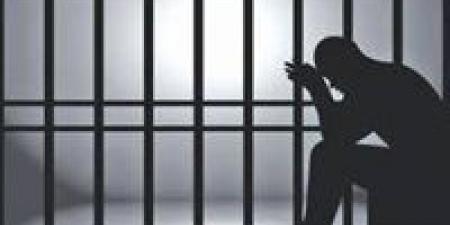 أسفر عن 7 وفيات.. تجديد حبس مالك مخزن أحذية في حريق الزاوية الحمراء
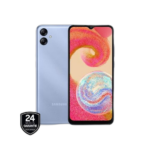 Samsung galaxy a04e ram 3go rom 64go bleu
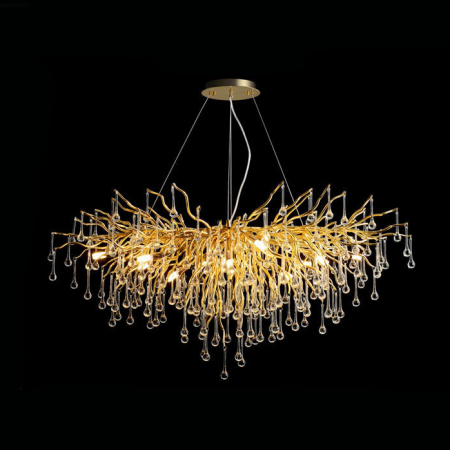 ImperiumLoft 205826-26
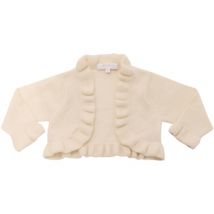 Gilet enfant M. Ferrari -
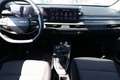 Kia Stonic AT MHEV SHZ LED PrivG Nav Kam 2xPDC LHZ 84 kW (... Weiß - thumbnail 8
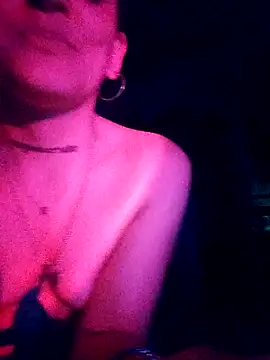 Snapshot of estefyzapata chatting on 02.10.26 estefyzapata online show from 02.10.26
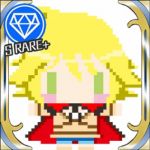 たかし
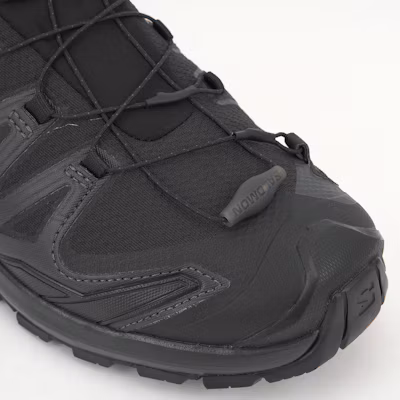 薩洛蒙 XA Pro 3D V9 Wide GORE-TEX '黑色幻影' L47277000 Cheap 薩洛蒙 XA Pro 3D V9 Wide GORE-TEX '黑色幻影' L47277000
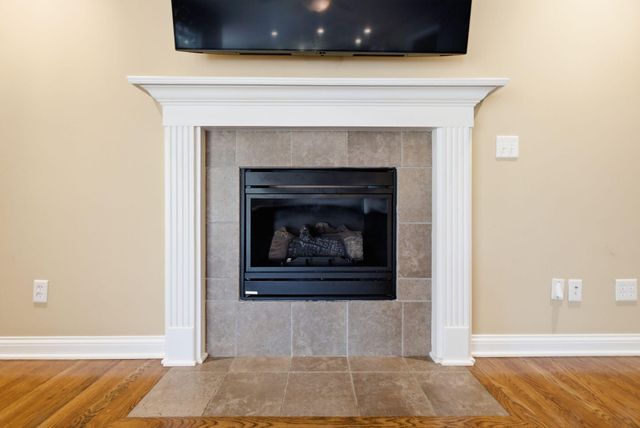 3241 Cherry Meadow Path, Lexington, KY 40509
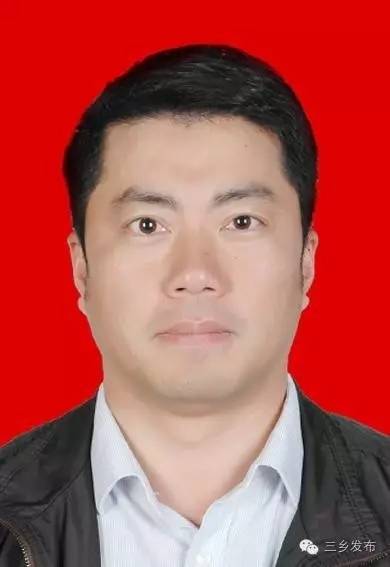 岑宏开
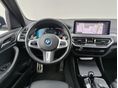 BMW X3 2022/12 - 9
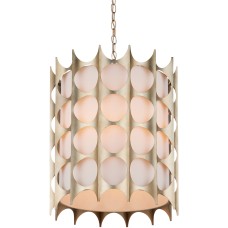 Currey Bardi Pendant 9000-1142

────────────────

TASK STATEMENT ▸ Copy each entry exactly as written. Pictures do not belong in the copy.

YOUR SOLUTION ▸
 أسفر عن 7 وفيات.. تجديد حبس مالك مخزن أحذية في حريق الزاوية الحمراء
 Samsung galaxy a04e ram 3go rom 64go bleu
 ImperiumLoft 205826-26
 Gilet enfant M. Ferrari -
 Kia Stonic AT MHEV SHZ LED PrivG Nav Kam 2xPDC LHZ 84 kW (... Weiß - thumbnail 8
 Snapshot of estefyzapata chatting on 02.10.26 estefyzapata online show from 02.10.26
 たかし
 薩洛蒙 XA Pro 3D V9 Wide GORE-TEX '黑色幻影' L47277000 Cheap 薩洛蒙 XA Pro 3D V9 Wide GORE-TEX '黑色幻影' L47277000
 3241 Cherry Meadow Path, Lexington, KY 40509
 岑宏开
 BMW X3 2022/12 - 9
 Currey Bardi Pendant 9000-1142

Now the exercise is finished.